Sesa - Sterlite Merger - Dumping Ground for Vedanta?

By Research Desk
about 12 years ago

 

By SP Tulsian

It is shocking to see that some people do not learn from their past lessons, even when the lessons given were tough and hard hitting, sometimes, grounding their nose, hard into the earth.

Looks like 2008 was not enough for Mr.Anil Agarwal and his Vedanta group and he is back to his old habits. One look at the scheme of Sesa Goa-Sterlite Industries merger, having presented by the Group, following two conclusions can be drawn from it -

1) Vedanta Group has used India as dumping ground, to de-leverage its balance sheet, as also, to get rid of loss making units.

2) To create a mega Indian entity, to create a war chest, to acquire residual stake of 29.5% in Hind Zinc (for about Rs. 17,000 cr.) and 49% stake in BALCO ( for about Rs. 3,000 crores). by leveraging annual cash profit of close to Rs. 15,000 crores, on consolidated basis.

Take a look at the following pointers and the point which we are trying to make will get clear.

          · Cairn India Ltd

Ø Transfer of 38.83% stake, being 73,88,73,586 shares, held in Cairn India, by Vedanta Group to Sesa Sterlite, for debt of $ 5.9 billion.

Ø Cost per share of Cairn – $5.9 billion x Rs. 49/$ = Rs. 28,910 Cr.

Ø Cost per share = Rs. 391.                                                                           

                  Cairn – Closing on 24-2-12 – Rs. 381; Monthly High / Low- Rs. 401/ Rs. 335

         · Vedanta Aluminium Ltd. – (VAL)

Ø Sesa Goa is issuing 7.23 Cr.

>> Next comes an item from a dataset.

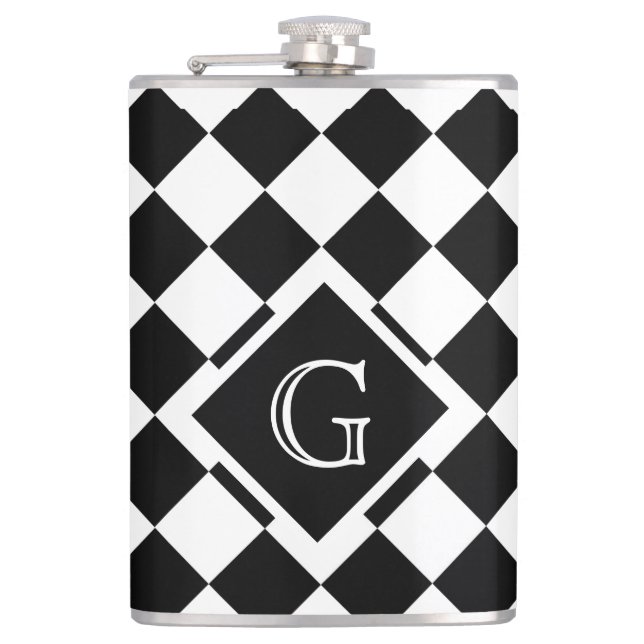 Petaca Monograma retro clásico del triángulo blanco negro (Anverso)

Shares for acquiring 70.5% stake in VAL.

Ø Valuation given to VAL at Rs. 2,332 Cr.

Ø Debt in the books of VAL is Rs. 20,000 crores

Ø VAL Q3 FY12 losses were at Rs. 1,140 Cr.

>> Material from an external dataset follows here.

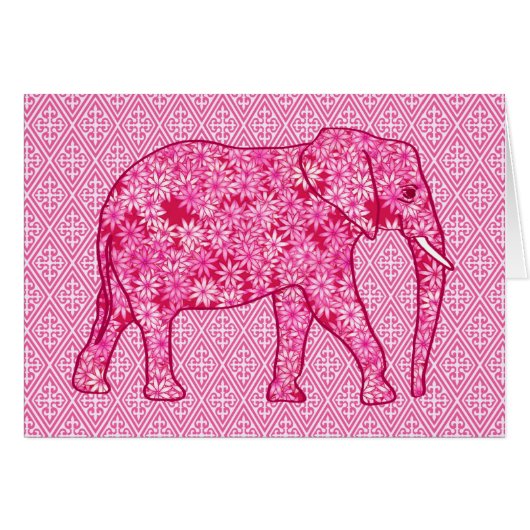 Flower elephant - fuchsia pink cards (Front Horizontal)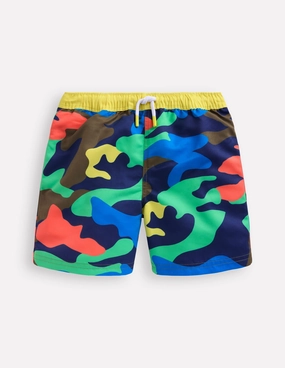 Swim Shorts-Multi Rainbow Camo mix and match Universal Sizing System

Ø VAL 9M FY12 losses were at Rs. 1,850 Cr.

Ø So, EV of VAL is at Rs. 22,300 Cr.

· MALCO acquisition –

Ø MALO valued at Rs. 1,790 Cr.

Ø Valuation grossly unfair –

a) 11.98 Cr. shares of Sterlite Industries Ltd., held by Malco, if valued at Rs. 118 per share, works out to, Rs. 1,415 Cr.

b) PAT of Rs. 187.56 Cr., posted by MALCO, for FY 11, if multiplied at 8 times = Rs. 1,500 Cr.

c) So conservative valuation comes at Rs. 2,915 Cr.

Ø MALCO recently, completed (offer closed on 15-2-2012) a buy back from its shareholders of 56.52 lakh Shares at Rs. 115 per share

Ø This is gross violation, as now, MALCO share has been valued at Rs. 159 per share.

· Sesa Sterlite will become heavy debt company –

  Rs. 5000 Cr. Sesa Goa.

  Rs. 15,000 Cr. Sterlite Industries.

  Rs. 29,000 Cr. Cairn India 39%

  Rs. 20,000 Cr.VAL Debt.

  Rs. 69,000 Cr. Total

 

·  Why stake in Cairn is stated at 58.9%, while it should be at 59% as per SHP of Cairn India, as at 31-12-2011 –

 

i) Twinstar Mauritius                         73.89 Cr Shares            38.83%

ii) Sesa Goa                                    35.11 Cr. Shares            18.45%

iii) Sesa Resources                          3.27 Cr. Shares               1.72%

(100% subsidiary of Sesa Goa)        112.27 Cr. Shares          59.00%

 

·         Foreign Currency risk transferred to Sesa Sterlite, for debt of $ 5.9 billion.

·         This whole exercise gave huge relief to Vedanta –

i) Got rid of loss making VAL

ii) Debt reduction of $ 5.9 billion

iii) Escape from risk of forex volatility on forex loans, for Indian projects.

iv) Deleveraged its own Balance Sheet.

v) Retained 79.4% stake in Konkola Copper Mines Plc

Like always, this merger scheme too is definitely detrimental to the interests of non-promoter shareholders of Cairn, Sesa, Sterlite and Malco shareholders. The effect on stock prices of various stocks are likely to be as under:-

i) Cairn India closed at 381 on Friday, may correct below 370.

ii) Sesa Goa closed at 227, is likely to correct to 205, recording a fall of about 8% to 9%.

iii) Sterlite Industries closed at 118, is likely to rule between 115-120, as it will rule based on 60% market price of Sesa Goa (swap ratio of 3 shares of Sesa for 5 shares of Sterlite held) less 5% of this effective valuation.

iv) MALCO being an unlisted company, will not be seen to be having any effect.

v) Hind Zinc will have neutral effect

It may also happen that the scheme may face ire of the institutional investors, which if it happens, can damage the repute of Vedanta Group further, which is already bad, due to old wounds. First bitten by the minority shareholders in 2008 and maybe now by the institutional investors, why does Vedanta follow this way of self-inflicting wounds? And how many more lessons before it mend its ways?